In a conference call with analysts, CEO David Neeleman expressed mixed emotions about the quarter's performance. On the one hand, the airline's double-digit margin was at the high end of management's guidance and costs excluding fuel were lower than expected. On the other, Neeleman expressed concern that transcon routes weighed down profits.
Revenues jumped 33.1% to $289.0 million, keeping the airline on track to easily top $1 billion in revenues for the year, the Dept. of Transportation's benchmark for major airline status. Yields however, fell 6.2% to 8.29 cents on a 7.8% increase in average length of haul. Load factor sank 1.5 percentage points to 79.9% as did unit revenue, which fell 7.9% year-over-year to 6.85 cents. Overall, CFO John Owen said the airline's revenues were almost exactly at the level forecast by management.
Fuel aside, there were some pleasant surprises on the cost side of the income statement. Unit costs fell 2.9% to a rock-bottom 6.08 cents, which Owen attributed to "continuing economies of scale." He said the airline had a longer average stage length and lower-than-expected fuel burn per block hour. The airline also spent less on sales and marketing than expected.
During the quarter, the airline paid $0.92 per gallon, a 6.1% decrease from last year, but the cost was higher than the amount budgeted. The carrier has 44% of its fuel requirements hedged for the second quarter and about 40% hedged for the second half of the year. JetBlue ended the first quarter with $585 million in cash and short-term investments.

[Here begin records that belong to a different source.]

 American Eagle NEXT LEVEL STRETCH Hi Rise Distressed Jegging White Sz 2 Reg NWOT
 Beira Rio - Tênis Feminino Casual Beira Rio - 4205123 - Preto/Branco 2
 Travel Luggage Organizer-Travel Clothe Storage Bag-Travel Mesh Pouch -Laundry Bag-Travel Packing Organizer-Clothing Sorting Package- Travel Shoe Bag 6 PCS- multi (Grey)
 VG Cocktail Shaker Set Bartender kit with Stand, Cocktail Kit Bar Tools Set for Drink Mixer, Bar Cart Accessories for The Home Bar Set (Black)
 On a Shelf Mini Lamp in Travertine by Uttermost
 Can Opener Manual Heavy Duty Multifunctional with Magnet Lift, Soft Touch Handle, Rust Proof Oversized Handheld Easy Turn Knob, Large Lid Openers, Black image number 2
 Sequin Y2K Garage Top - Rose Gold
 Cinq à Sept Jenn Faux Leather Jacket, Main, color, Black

Neeleman reported that about 53% of JetBlue's capacity in the quarter was deployed on transcon routes. He described the "meltdown" of the transcon markets, when American and other network carriers launched aggressive pricing and promotions to compete. Each month during the quarter brought improvements, but those routes are expected to remain under pressure.
Neeleman added, however, that he believes JetBlue is more insulated in the transcon battle because it operates to Long Beach, Calif., while much of the capacity is being added to Los Angeles International Airport. Executives said the north-south routes between New York and Florida did extremely well over the winter with high demand. The airline peaked at 53 daily flights between New York Kennedy and Florida, and Neeleman predicted it might offer 65 flights next winter.

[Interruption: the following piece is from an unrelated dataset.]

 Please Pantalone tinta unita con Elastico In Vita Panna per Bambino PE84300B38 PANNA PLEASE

Looking ahead, bookings and loads in April are looking "very good," and the carrier is seeing more strength in the West, "improving greatly from the first quarter." May bookings are at or above last year's level. -SL
LOOKS LIKE JETBLUE CAN'T EVEN MAKE MONEY ON TRANS CON FLIGHTS. HMMMM....I WONDER WHY THAT IS.

JetBlue's first-quarter profit slipped 12.5% to $15.2 million due to high fuel prices and an intense battle on transcontinental routes, but the carrier still managed to report an 11.3% operating margin for its weakest period of the year.

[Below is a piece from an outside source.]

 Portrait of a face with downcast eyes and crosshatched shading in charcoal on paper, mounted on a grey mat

In a conference call with analysts, CEO David Neeleman expressed mixed emotions about the quarter's performance. On the one hand, the airline's double-digit margin was at the high end of management's guidance and costs excluding fuel were lower than expected. On the other, Neeleman expressed concern that transcon routes weighed down profits.
Revenues jumped 33.1% to $289.0 million, keeping the airline on track to easily top $1 billion in revenues for the year, the Dept. of Transportation's benchmark for major airline status. Yields however, fell 6.2% to 8.29 cents on a 7.8% increase in average length of haul. Load factor sank 1.5 percentage points to 79.9% as did unit revenue, which fell 7.9% year-over-year to 6.85 cents. Overall, CFO John Owen said the airline's revenues were almost exactly at the level forecast by management.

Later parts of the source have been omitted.